When he returned home, Allen joined Bucknell Golf Club. The bug bit at Myrtle Beach.
“The rest is sort of history,” Allen said. “I had been around guys who golfed. I just never thought it was for me.”
Fastpitch softball and rugby were more Allen’s speed. But the long-term effects changed his athletic thinking.
“I found out my knees weren’t going to take all of that for much longer,” Allen, now retired following a 42-year career as a chiropractor, said.
As he pivoted to golf, Allen fortunately found a quality he relished in fastpitch softball and rugby: the people.
“It’s almost like any sport. You get involved and you get to meet more people, and they’re fun people,” Allen said. “Golf is a challenging game. You can play the same course and not get tired of playing the same course. Every shot is different than it was before. Golf can be frustrating obviously. Why do you keep coming back? If someone abused me that much, I’d never be around that person. But with golf, I keep coming back.”
Allen keeps coming back to the GAP Central Series. Same reasons: the camaraderie and the challenge.

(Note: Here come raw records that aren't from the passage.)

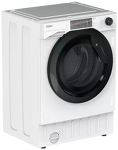 Превью картинка Машина стиральная встраиваемая Haier HWQ90B416FWB-RU #6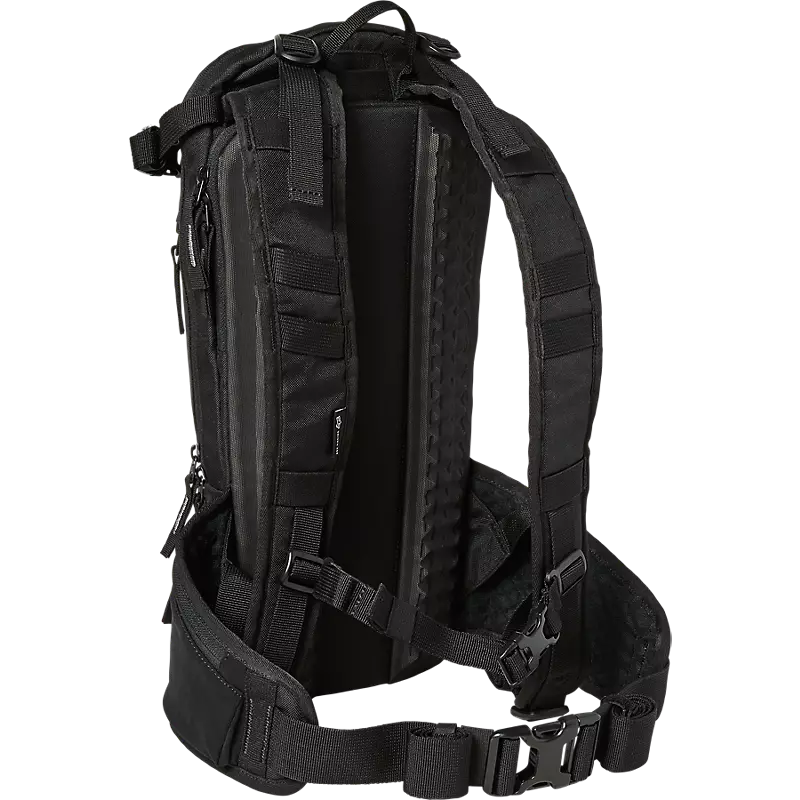 Fox Utility 12L Hydration Pack - Black - SS24 – Biketreks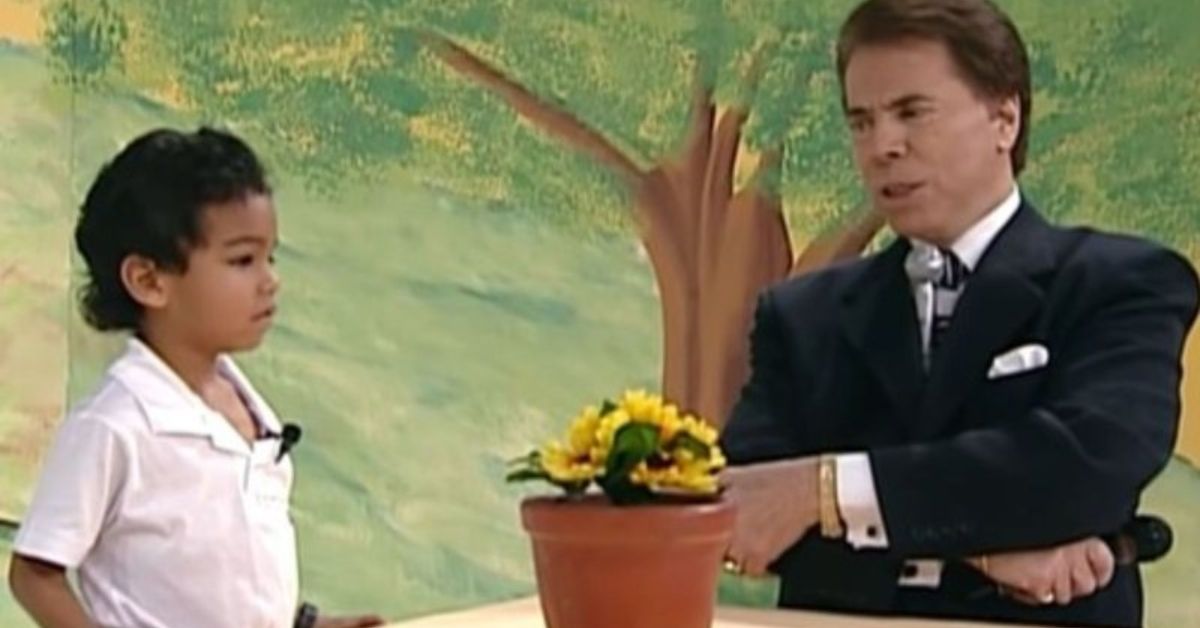 Fa mirim do Raca Negra que protagonizou cena iconica ao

“You like to compete against different people,” Allen said. “It’s just a nice, fun series. I love what the GAP does.”
Apart from the GAP Central Series, Allen embarks on golf trips throughout the year: Hilton Head Island in South Carolina and PGA WEST in La Quinta, Calif. among the fondest of voyages. He checked the Robert Trent Jones Golf Trail off his list earlier this year. One golf destination will never fade.
“Bucknell is a good place. I have a lot of good friends there,” Allen said. “It’s not a course you’re going to dominate or overpower. It’s a nice place to play. The most amazing thing about it is it’s got as many good golfers as any course. If we took our Top 20 golfers, we could hold our own against almost anybody around here.”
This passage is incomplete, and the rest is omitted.